Collected data entries:
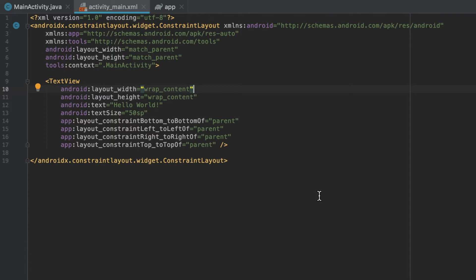The app namespace is also used for custom-defined attributes, which can be made in attrs.xml, which is a type of file that you can add to values under resources.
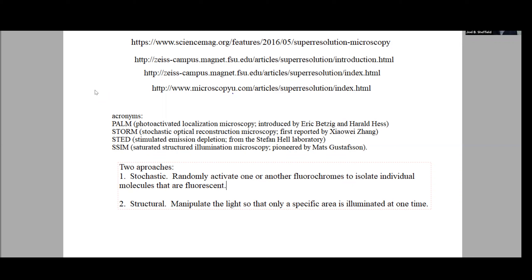There's an enormous number of acronyms that have been developed — it's a sort of alphabet soup — because each one of these things was developed by a separate lab and taken over by a separate microscope company, and they're all in competition with each other. The ones we'll talk about specifically are PALM and STORM to begin with, which are two stochastic systems, and then we'll talk about STED and SIM afterwards.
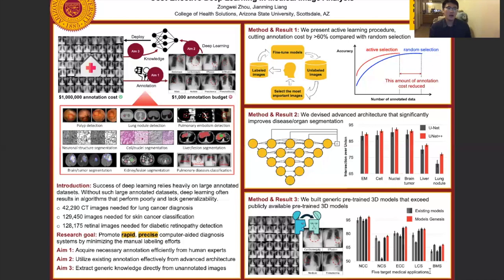In conclusion, progress in this area of research will enable deep learning algorithms to generalize better to real clinical data with less annotation cost, and thereby lead to a greater impact on computer-aided diagnosis for disease classification, detection, and segmentation. Thank you for your time.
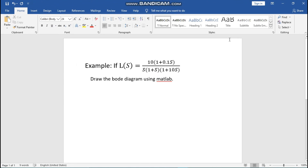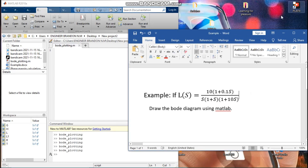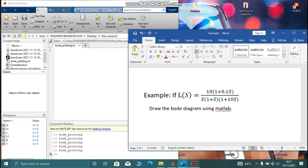Hello engineers, welcome to Engineer Brando's Tools. Today we are going to draw a Bode diagram using MATLAB for a function L(s) equals 10 times (1 + 0.1s) over s times (1 + s) times (1 + 10s). To do this, we are going to break this function into smaller parts.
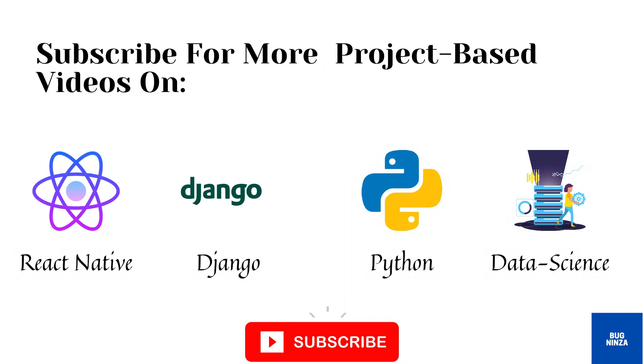Thanks for watching this video. Subscribe this channel for more project based videos on React Native, Python, data science, Django, and machine learning.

What the exercise asks: Give back the records above exactly, with no pictures.

Response to this exercise:
The app namespace is also used for custom-defined attributes, which can be made in attrs.xml, which is a type of file that you can add to values under resources.
There's an enormous number of acronyms that have been developed — it's a sort of alphabet soup — because each one of these things was developed by a separate lab and taken over by a separate microscope company, and they're all in competition with each other. The ones we'll talk about specifically are PALM and STORM to begin with, which are two stochastic systems, and then we'll talk about STED and SIM afterwards.
In conclusion, progress in this area of research will enable deep learning algorithms to generalize better to real clinical data with less annotation cost, and thereby lead to a greater impact on computer-aided diagnosis for disease classification, detection, and segmentation. Thank you for your time.
Hello engineers, welcome to Engineer Brando's Tools. Today we are going to draw a Bode diagram using MATLAB for a function L(s) equals 10 times (1 + 0.1s) over s times (1 + s) times (1 + 10s). To do this, we are going to break this function into smaller parts.
Thanks for watching this video. Subscribe this channel for more project based videos on React Native, Python, data science, Django, and machine learning.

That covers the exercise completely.